══ Stored data ══
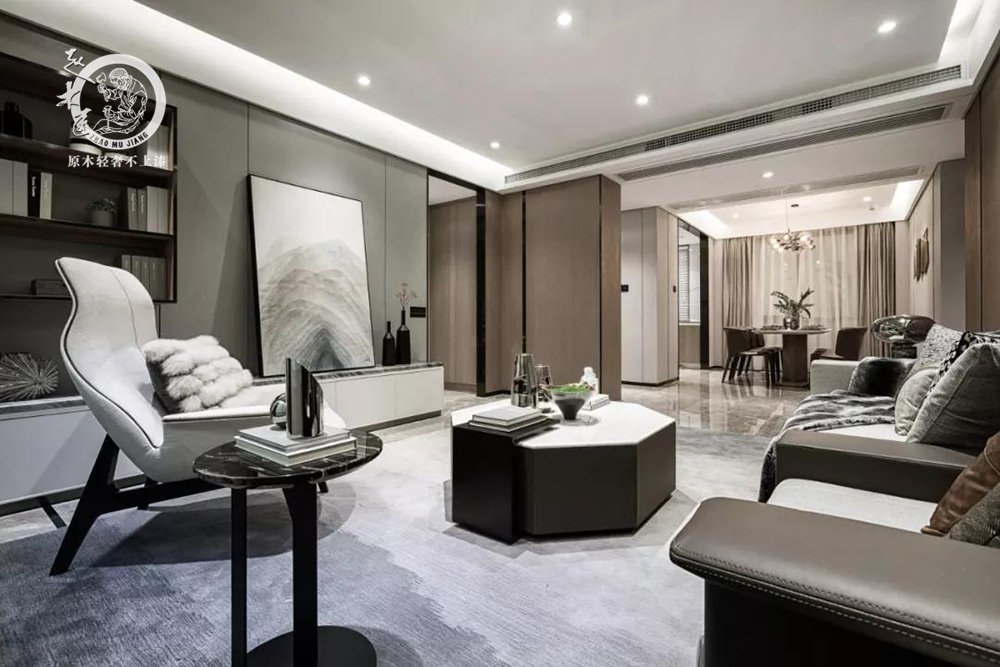 �O���p�ݿ͏d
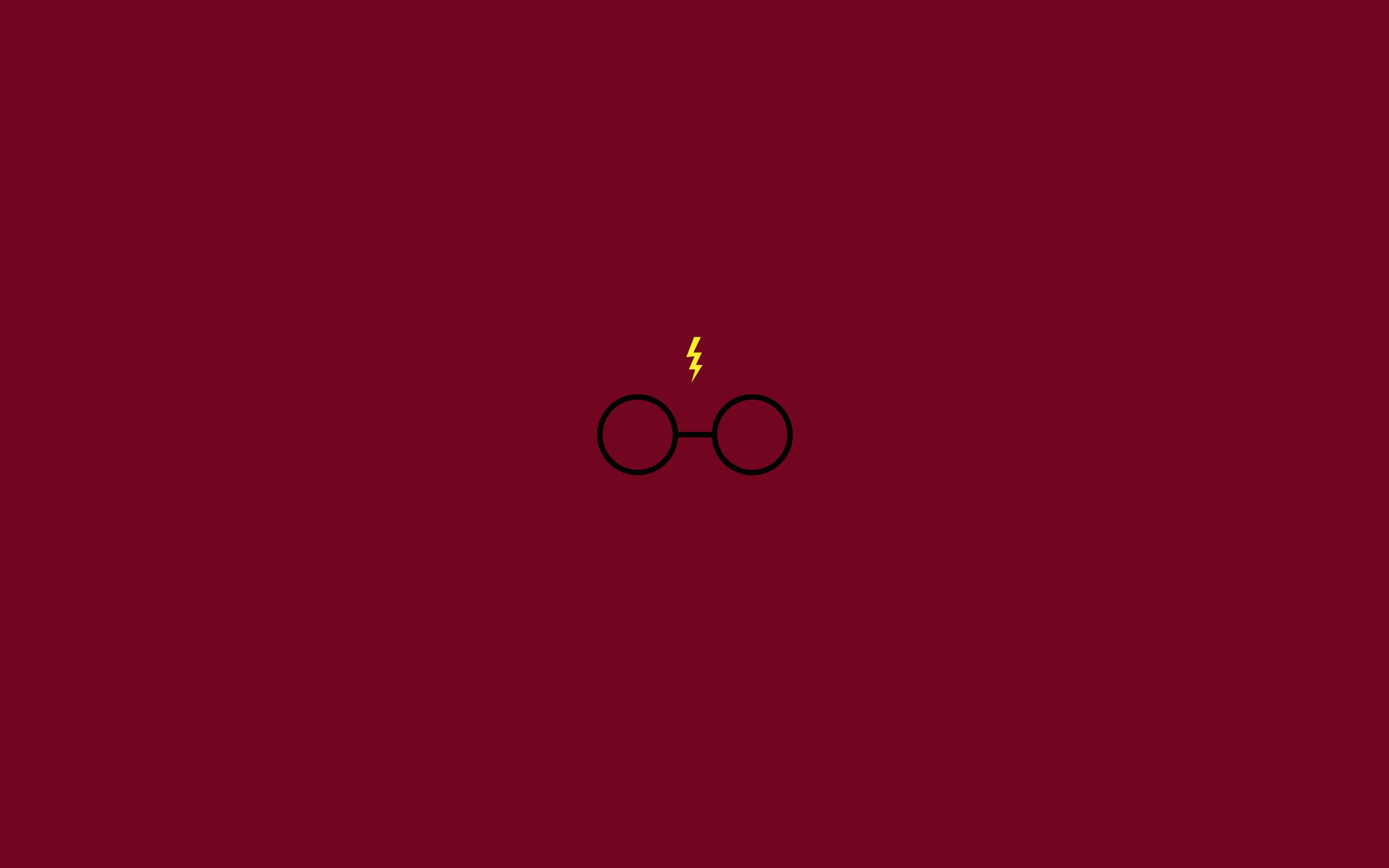 Laptop Girly Harry Potter Wallpapers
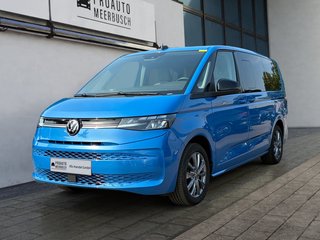 Volkswagen T7 Multivan Used vehicle for sale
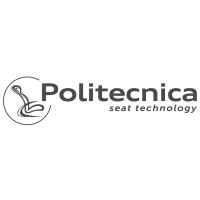 Politecnica s.r.l. logo, Politecnica s.r.l. contact details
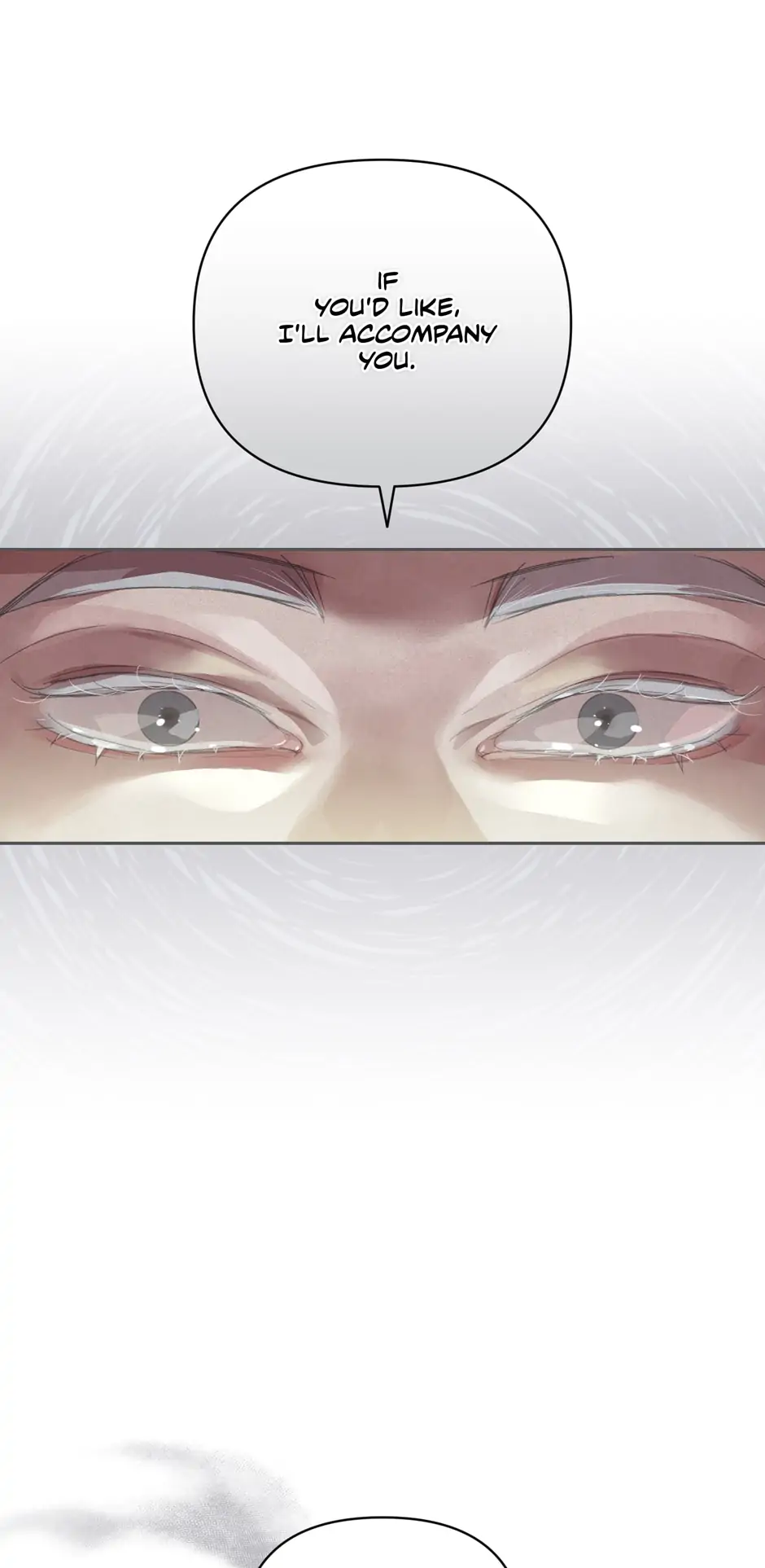 Stigma Effect Chapter 40 - Page 17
═══
Task item: Transcribe the lines that run from the line bearing "Politecnica s.r.l. logo, Politecnica" through the last line of the data. Keep the wording exact and leave out every picture.

Result for this exercise:
 Politecnica s.r.l. logo, Politecnica s.r.l. contact details
 Stigma Effect Chapter 40 - Page 17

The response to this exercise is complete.